Fino a poco tempo fa, gli algoritmi erano un dominio degli informatici. Ma ora, sono entrati nelle nostre vite e stanno diventando pervasivi. Algoritmo non è più una parola straniera. Il trading algoritmico, i pregiudizi algoritmici, l’algoritmo di Facebook, persino la guerra algoritmica – tutti questi termini sono diventati parte del nostro vocabolario negli ultimi anni. Alcune persone arrivano a sostenere che viviamo in una nuova era: l’era dell’algoritmo. Ma gli algoritmi non sono così nuovi. Li abbiamo usati, consapevolmente o meno, per centinaia e migliaia di anni. Gli algoritmi sono semplicemente descrizioni specifiche di azioni passo dopo passo che devono accadere per raggiungere un particolare risultato. Sono uno degli strumenti più comuni di condivisione della conoscenza.

Praticamente ogni processo di insegnare a qualcuno come fare qualcosa usa algoritmi.

Alcuni aspetti degli algoritmi sono cambiati negli ultimi decenni.
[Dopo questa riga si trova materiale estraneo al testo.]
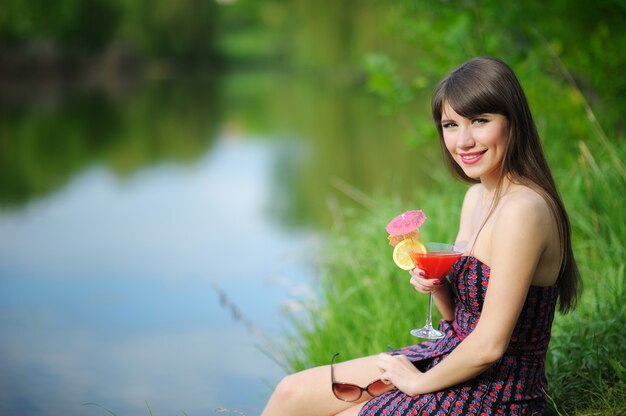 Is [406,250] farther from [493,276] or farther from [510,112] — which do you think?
[510,112]

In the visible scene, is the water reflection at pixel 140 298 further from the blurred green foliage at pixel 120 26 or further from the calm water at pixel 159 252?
the blurred green foliage at pixel 120 26

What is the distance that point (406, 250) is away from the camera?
2316mm

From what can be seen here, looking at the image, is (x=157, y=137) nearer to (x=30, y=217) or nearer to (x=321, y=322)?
(x=30, y=217)

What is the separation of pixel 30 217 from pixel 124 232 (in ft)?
3.31

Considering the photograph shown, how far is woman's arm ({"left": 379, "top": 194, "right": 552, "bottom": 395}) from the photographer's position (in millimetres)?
2002

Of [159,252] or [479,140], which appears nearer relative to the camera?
[479,140]

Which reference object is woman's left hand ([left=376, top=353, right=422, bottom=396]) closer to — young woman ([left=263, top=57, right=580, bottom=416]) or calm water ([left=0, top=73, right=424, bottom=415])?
young woman ([left=263, top=57, right=580, bottom=416])

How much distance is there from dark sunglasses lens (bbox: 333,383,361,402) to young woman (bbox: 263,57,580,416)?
1cm

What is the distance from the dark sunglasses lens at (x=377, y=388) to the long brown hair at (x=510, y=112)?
559 mm

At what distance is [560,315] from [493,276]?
1.40 meters

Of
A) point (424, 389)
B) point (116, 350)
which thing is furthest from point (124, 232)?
point (424, 389)

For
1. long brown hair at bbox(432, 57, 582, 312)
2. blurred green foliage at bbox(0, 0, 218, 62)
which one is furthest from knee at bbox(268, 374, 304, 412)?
blurred green foliage at bbox(0, 0, 218, 62)

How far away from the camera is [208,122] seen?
17922mm

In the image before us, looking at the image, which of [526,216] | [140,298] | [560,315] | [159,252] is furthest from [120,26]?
[526,216] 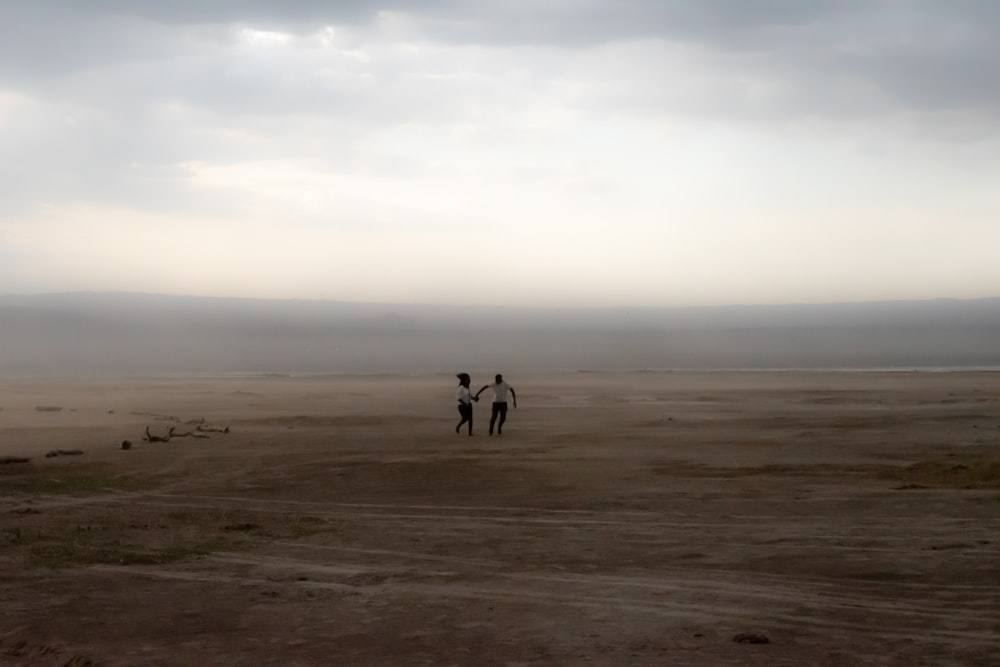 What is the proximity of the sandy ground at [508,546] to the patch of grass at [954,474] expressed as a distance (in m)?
0.09

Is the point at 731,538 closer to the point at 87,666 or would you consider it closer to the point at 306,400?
the point at 87,666

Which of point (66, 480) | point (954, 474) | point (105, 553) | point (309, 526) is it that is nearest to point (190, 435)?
point (66, 480)

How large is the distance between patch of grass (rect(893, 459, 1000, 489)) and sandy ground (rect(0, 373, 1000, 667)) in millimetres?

In particolare, l’introduzione dei computer significa che molti algoritmi oggi sono drammaticamente più complessi di quanto avremmo mai potuto immaginare in passato. Come si sono evoluti gli algoritmi per essere così sofisticati oggi rispetto al passato? Diamo un breve sguardo alla loro storia.

Algoritmi che guidano le azioni umane

Un francobollo emesso il 6 settembre 1983 in Unione Sovietica, per commemorare il 1200° compleanno (approssimativo) di al-Khwārizmī; via Wikimedia Commons

Il termine algoritmo deriva dal nome di Muhammad ibn Mūsā al’Khwārizmī, un matematico persiano del IX secolo. Il suo nome latinizzato, Algoritmi, significava “il sistema di numeri decimali” e fu usato in questo senso per secoli. La nozione moderna di algoritmo è emersa in inglese nel diciannovesimo secolo, ed è diventata più comunemente usata a partire dagli anni ’50, innescata dall’emergere dei primi computer disponibili in commercio.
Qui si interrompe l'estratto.